Touching lives (or children?)

Doubt: A Parable

Bonnet party.

Bonnet party.

Rated 5.0

John Patrick Shanley’s Pulitzer/2005 Tony Award-winning drama Doubt: A Parable poses a troubling question: Is Father Flynn, the forward-looking Catholic priest doubling as a coach at the parish school, inappropriately involved with an eighth-grade boy? Or does that allegation spring from the suspicious mind of Sister Aloysius, an aging, dour disciplinarian void of gladness?

What makes Doubt so fascinating are its many unexpected twists and turns. When you arrive at the end, you have more questions than answers—more doubt than proof.

Adopting the theory that three heads are better than one, SN&R sent a trio to B Street Theatre to evaluate this first local production of Doubt, each bringing his or her own take on the play and the production:

Patti Roberts, who saw the debut production of Doubt on Broadway (and survived Catholic school): When I stumbled upon Doubt, the Broadway buzz had just begun and I had little knowledge of the story, which turned out to be a blessing. I was amazed at the confidence the playwright had in himself and his audience to believe in and stick to the strength of ambiguity.

Shanley’s choice of placing the story in a ’60s Catholic setting was inspired, right at the time when the Second Ecumenical Council at the Vatican pit the no-questions-asked old school against an emerging modern, hands-on church community. Coupling a daring, intriguing story with a top-notch cast resulted in an award-winning play, and both elements are evident in this B Street production. The pairing, and parrying, of B Street regular Kurt Johnson as Father Flynn and Catherine MacNeal as Sister Aloysius results in memorable theater moments.

Jeff Hudson, who recently read the script: I fixed on Father Flynn’s line (quietly delivered by Johnson), “Truth tends to make a bad sermon. It’s very confusing and has no clear conclusion.”

I also fixed on actress Erinn Anova (returning to her hometown for this production), playing the black mother of the eighth-grader. Anova has a single scene, but it changes everything, and I loved the way Anova stands tall and stares down a power figure. This scene is more powerful in performance than on the page.

I also flashed on Doubt as a link to the B Street’s inaugural show (Mass Appeal, early ’90s), which touched on suspected impropriety and generational differences in a Catholic setting. And I flashed on Capital Stage’s recent staging of one of Shanley’s other plays, the political satire Dirty Story, which dealt (very differently) with another “forbidden” topic: the Israeli/Arab conflict.
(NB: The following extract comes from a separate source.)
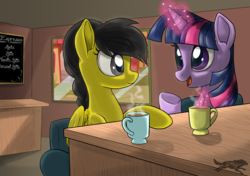 Size: 3105x2180 | Tagged: safe, artist:lostinthetrees, twilight sparkle, oc, g4, coffee, food, high res, magic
Kel Munger, who encountered the piece for the first time: I’ve got a huge crush on Cherry Jones, who won a Tony for her portrayal of Sister Aloysius in the Broadway production of Doubt, so although this play’s been on my radar, I didn’t expect the deftly handled collision of world views. I, too, was fascinated by Anova’s Mrs. Muller, a black mother attempting to stand by her son the best way she can in a racist society. There is a quiet rebellion in her performance that speaks volumes about the generation of Americans who broke segregation’s back.

But the purposeful devotion to ridding the world of dissent that MacNeal brings to the role of Sister Aloysius caught my attention. Her performance was tense in the finest sense of the word; I was struck by MacNeal’s portrayal of a vulnerable Aloysius, even as she roared her indictment of Father Flynn. This illuminated the rock and hard place the character found herself in as a woman in a religious hierarchy that severely limited her power. The children and naive Sister James (a subtle yet effective performance by Hesley Harps) might think Sister Aloysius was a force to be feared, but in the real world, as in the church, she has such limited power that she’s forced to resort to manipulation.

As always, the B Street’s production values left nothing to be desired, which I think made the performances all the more outstanding. As Shanley would have it, if we learn anything, it’s the danger of certainty.